Download the purchases.csv from the data section. This sample data contains purchases from an online store. Load the data into R and check whether the type of your variables are correct (e.g. purchase_date should be of type “Date”).

purchases <- read_csv("/Users/jdivenyi/teaching/BME_adat/201617/data/purchases.csv")
## Error: '/Users/jdivenyi/teaching/BME_adat/201617/data/purchases.csv' does not exist.

Task 1

Plot the histogram of all the log sales.

purchases %>%
    ggplot(aes(x = log(sales))) + geom_histogram()
## Error in eval(lhs, parent, parent): object 'purchases' not found

Task 2

Plot the distributions of log sales amounts for the two years separately.

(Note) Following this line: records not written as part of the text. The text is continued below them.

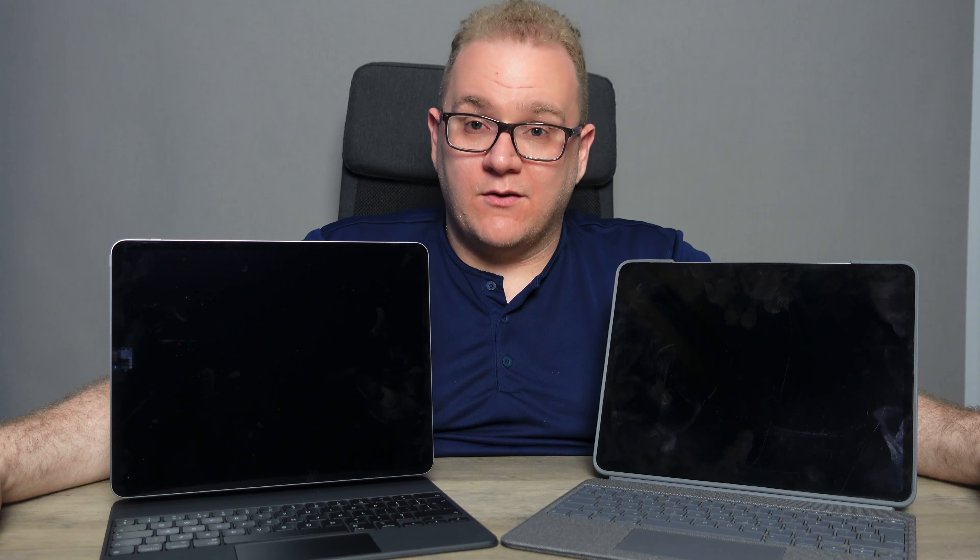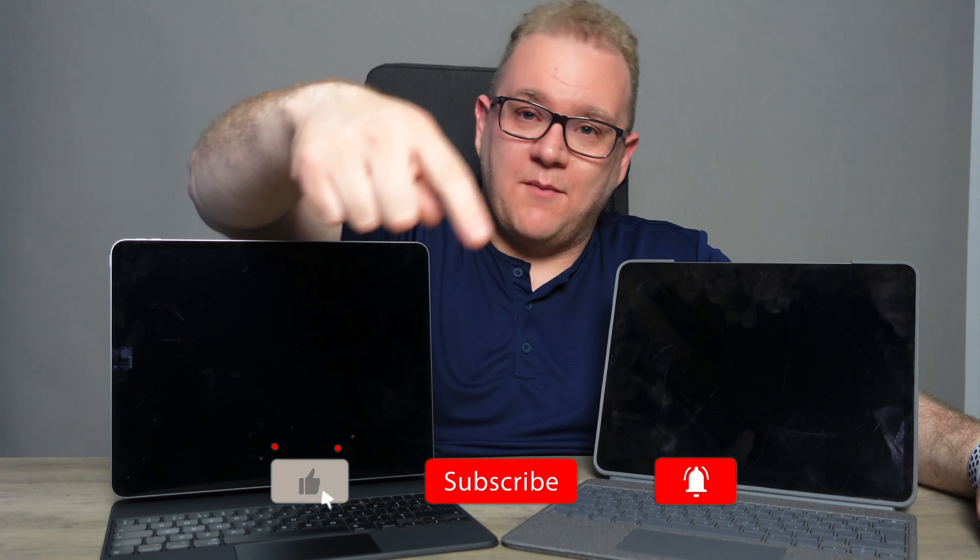That's my comparison of these two keyboard cases. I hope you liked it — I think I covered everything. If I haven't, leave a comment below and let me know your thoughts, opinions, and experiences. Let me know which you think is the better option — the Combo Touch or the Magic Keyboard. If you haven't already, give the video a thumbs up, hit that subscribe button, and I'll catch you guys in the next one. Cheers.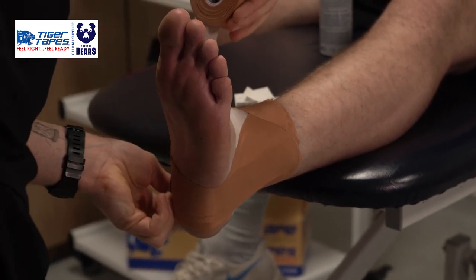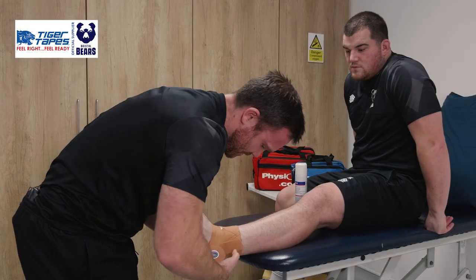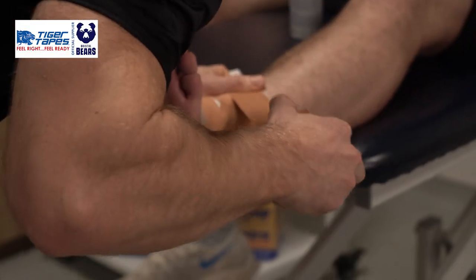Starting from the medial side of the calcaneus, coming across there and then attaching onto that lateral aspect. With that base there, we've got our stirrups. To add a belt and braces, we can also do a heel lock.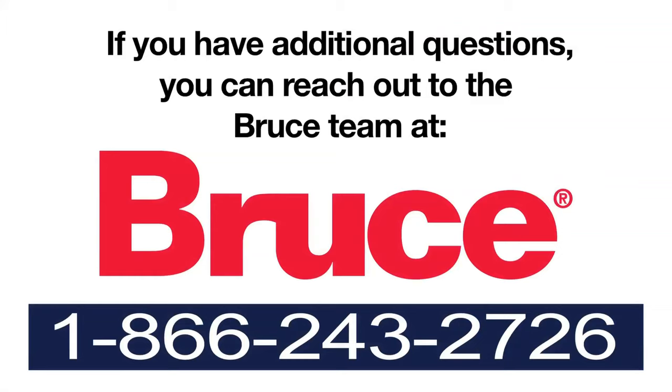If you have additional questions, you can reach out to the team here at Bruce. Give us a call at 1-866-243-2726.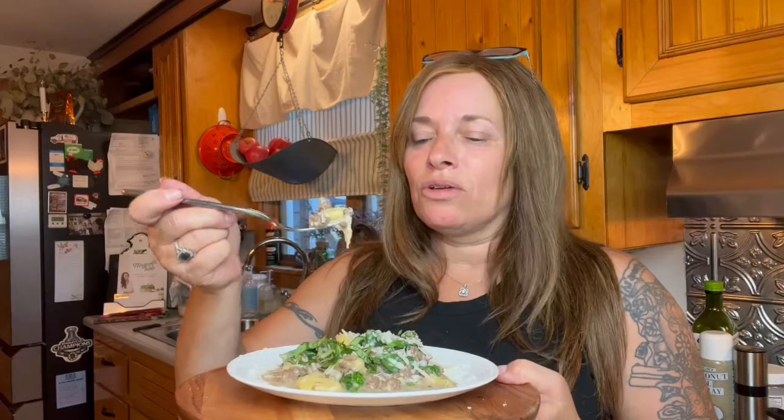I can just tell you this is so, so good — so delicious, so creamy. The Gorgonzola, the Parmesan, the spinach — everything just works so well together in this dish. This is absolutely delicious. It is a flavor explosion, a party in your mouth. And it is a simple meal to make, super quick — I didn't have to do much of anything.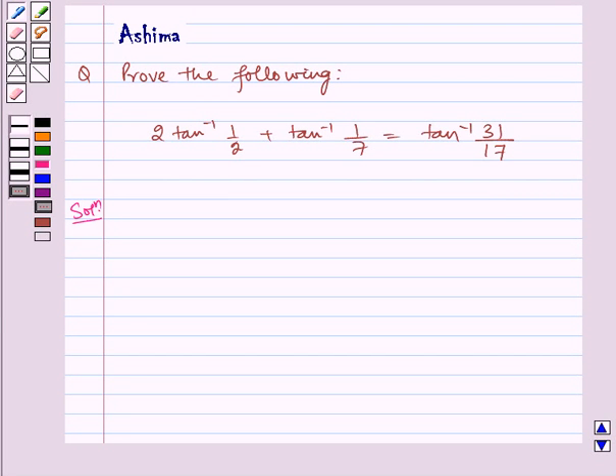Hello and welcome to the session. Let us understand the following problem today. Prove the following: 2 tan inverse 1 by 2 plus tan inverse 1 by 7 is equal to tan inverse 31 by 17. Now let us write the solution.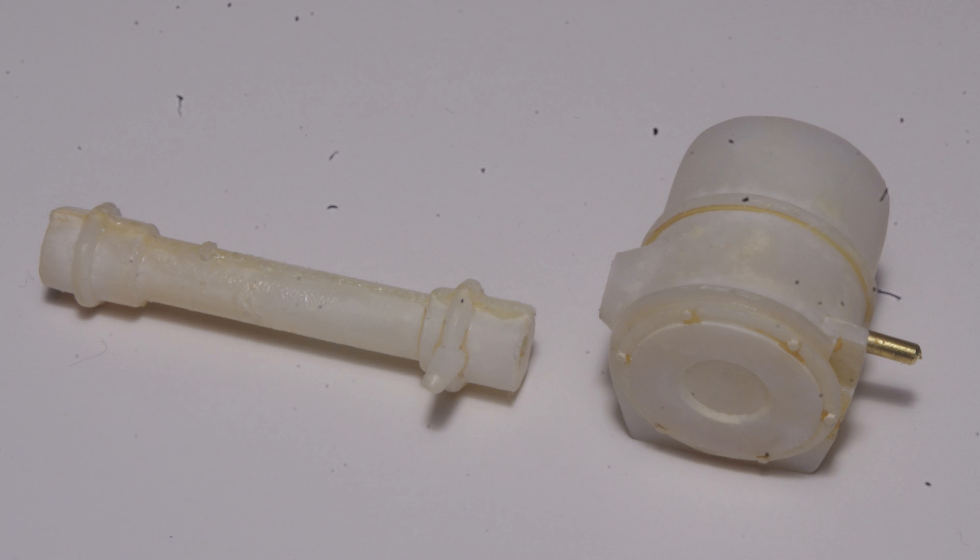Similar to gun barrels in mini tank kits, the two-piece construction of the intake pipe and rubber flexible joints makes it difficult to clean the part up and maintain a round cross section. This piece is cut off and will be replaced with scratch built items.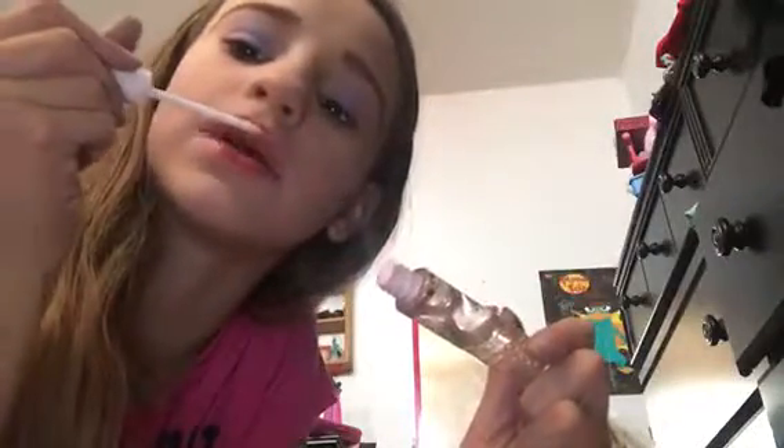Oh, I forgot something awesome that I can't believe I forgot — lipstick! I'm going to use some red — wait, what color is this? Where's my lipstick? I might put a little bit of lip gloss on, just clear lip gloss for a little bit of glossiness.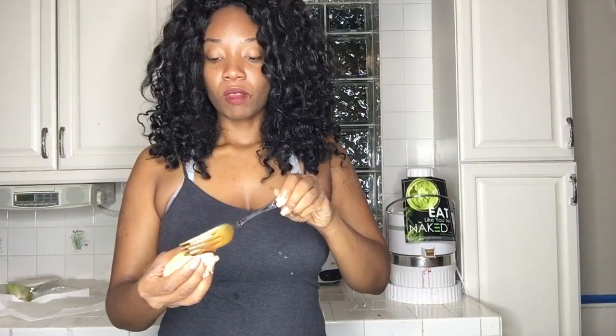An alternative to the peanut butter or almond butter would be to just add a seed butter. You can do sunflower seed butter, hemp seed butter, pumpkin seed butter — whatever kind of butter of your choice. And that is the alternative — you can do a deliciously homemade, home-prepped snack.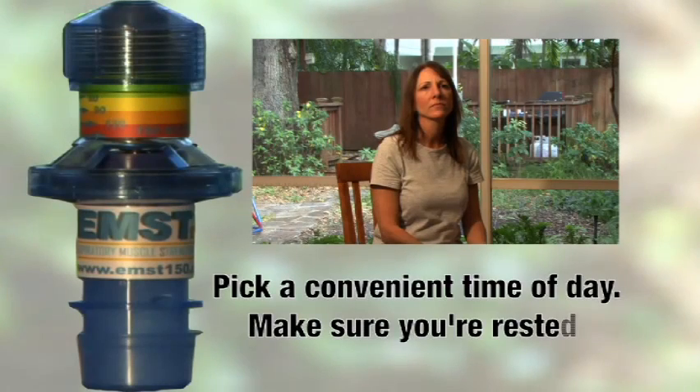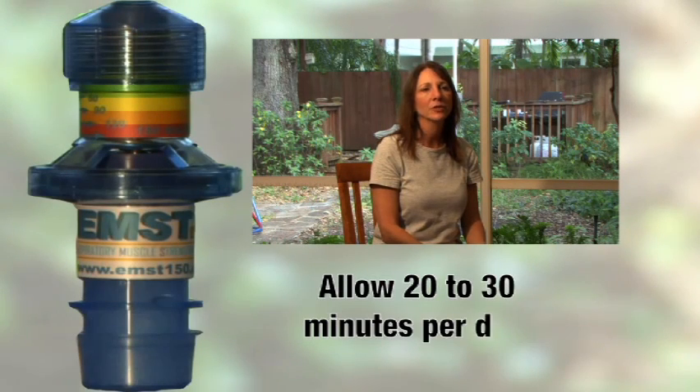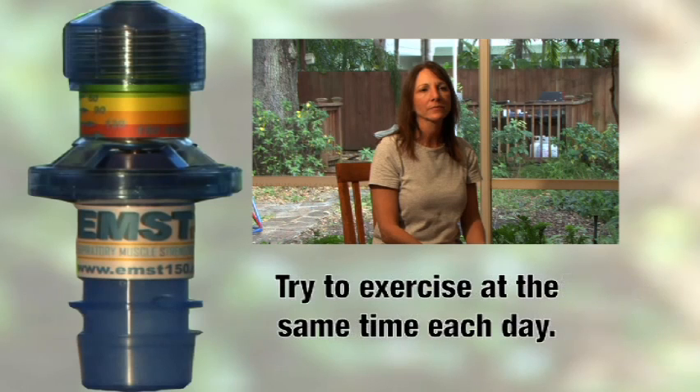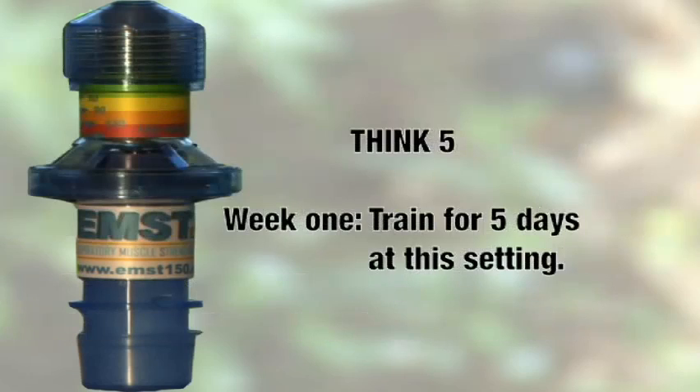Pick a time of day where you have time to train and are not tired. It will take you between 20 to 30 minutes per day. Picking the same time each day is also recommended. You can either sit or stand, although we recommend sitting down when you are doing the exercises. Remember, during week 1 you will train 5 days at this initial setting and then the levels will be adjusted.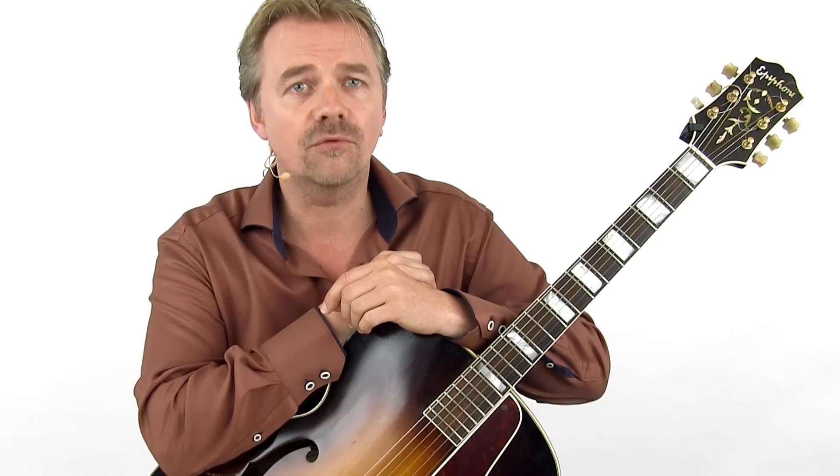In an interview, Eldon Shamblin once said that in the 40s, Bob Wills asked him to play a lot of runs during the recording session of 'Take Me Back to Tulsa.' And he came up with his trademark style. Let's have a look at the Eldon Shamblin rhythm approach to a two-chord tune.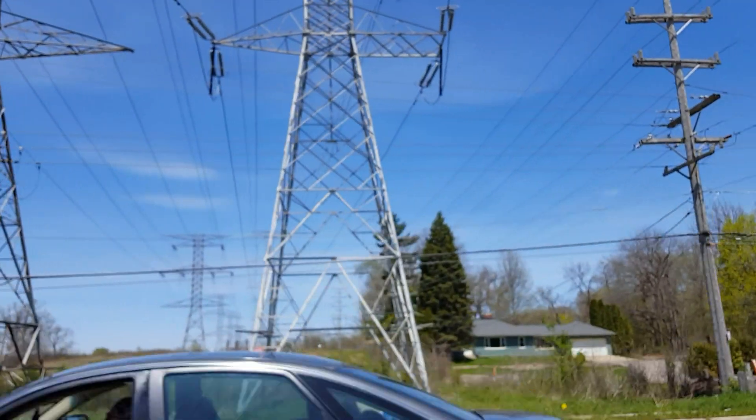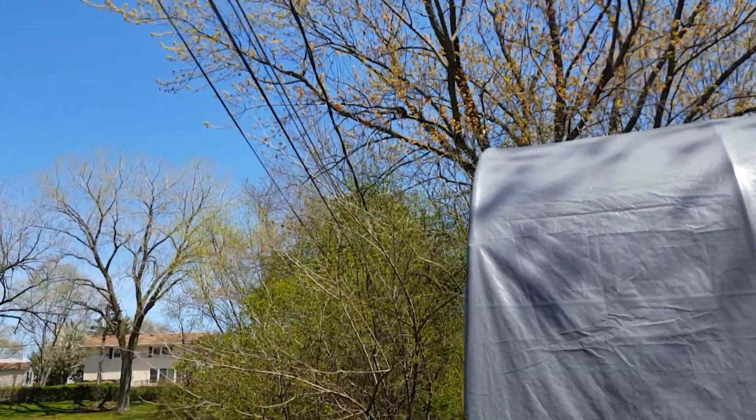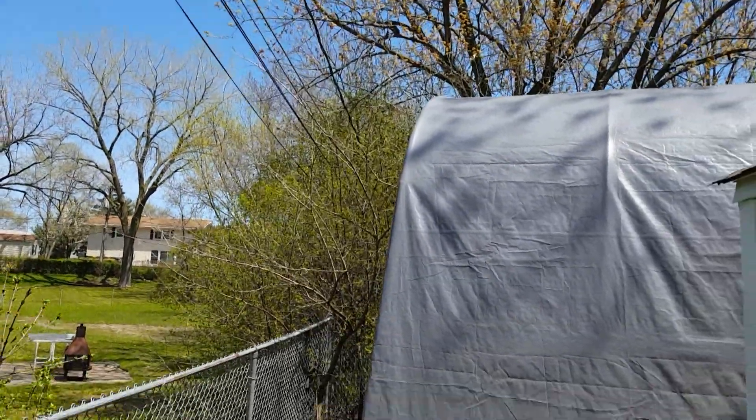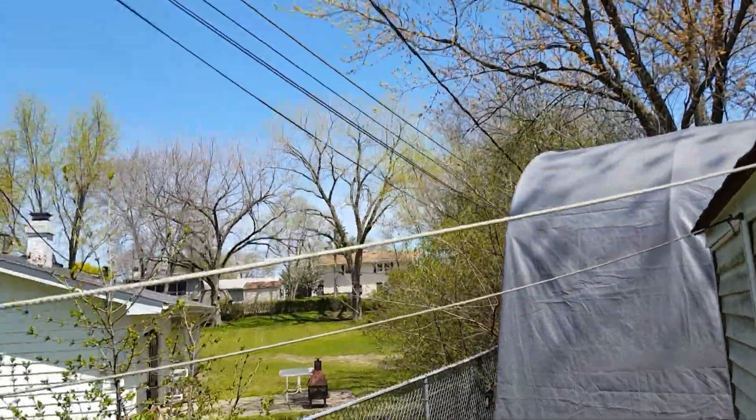Now you may ask yourself, does he have any power lines nearby? Yes I do, and I'm going to show you that right now. Here are my power lines, guys — they're about four feet away, literally from the top pole of my laboratory.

Check geom_density in the documentation of ggplot2. Here is what you should get.

purchases %>%
    mutate(year = factor(year)) %>%
    ggplot(aes(x=log(sales), fill=year)) +
    geom_density(alpha=0.3)
## Error in eval(lhs, parent, parent): object 'purchases' not found

Task 3

Plot the aggregate daily sales. Add a smoothed line to the plot (you can experiment with the span option of geom_smooth() to control the smoothness of your line).

Default:

purchases %>%
    group_by(purchase_date) %>%
    summarise(sales = sum(sales)) %>%
    ggplot(aes(x=purchase_date, y=sales)) +
        geom_line() +
        geom_smooth()
## Error in eval(lhs, parent, parent): object 'purchases' not found

With span = 0.2:

purchases %>%
    group_by(purchase_date) %>%
    summarise(sales = sum(sales)) %>%
    ggplot(aes(x=purchase_date, y=sales)) +
        geom_line() +
        geom_smooth(span = 0.2)
## Error in eval(lhs, parent, parent): object 'purchases' not found

Task 4

Which month brings the most sales? Plot a bar graph with aggregate sales per month. Look at the documentation of geom_bar() to solve this. Note the labels of the x axis (the documentation helps to reproduce).

purchases %>%
    mutate(month = factor(month)) %>%
    group_by(month) %>%
    summarise(aggregate_sales = sum(sales)) %>%
    ggplot(aes(x = month, y = aggregate_sales)) +
    geom_bar(stat = "identity")
## Error in eval(lhs, parent, parent): object 'purchases' not found

Task 5

Recreate the previous graph by drawing the columns separately for the years (map the year variable to the fill of the bars and see the examples in the documentation to achieve side-by-side bars).

purchases %>%
    mutate(year = factor(year)) %>%
    group_by(year, month) %>%
    summarise(aggregate_sales = sum(sales), sd = sd(sales), n = n()) %>%
    ggplot(aes(x = month, y = aggregate_sales, fill = year)) +
    geom_bar(stat = "identity", position = "dodge") +
    scale_x_continuous(breaks = seq(1, 12))
## Error in eval(lhs, parent, parent): object 'purchases' not found

Task 6

We have seen that the aggregate sales are lower in 2013 than in 2012. Which year has higher average sales amount? Plot a bar graph with average sales per year and add error bars with two times the standard deviation (do not forget to adjust by the number of observations). You can add error bars by using the geom_errorbar() function of ggplot2. (I use the “lightblue” color to fill the bars in order to make the error bars more visible.)

purchases %>%
    mutate(year = factor(year)) %>%
    group_by(year) %>%
    summarise(avg_sales = mean(sales), sd = sd(sales), n = n()) %>%
    ggplot(aes(x = year, y = avg_sales)) +
    geom_bar(stat = "identity", fill = 'lightblue') +
    geom_errorbar(aes(ymin = avg_sales - 2*sd/sqrt(n), ymax = avg_sales + 2*sd/sqrt(n))) 
## Error in eval(lhs, parent, parent): object 'purchases' not found

Task +1

Watch this video and collect 3 positive (or negative) points about the presentation.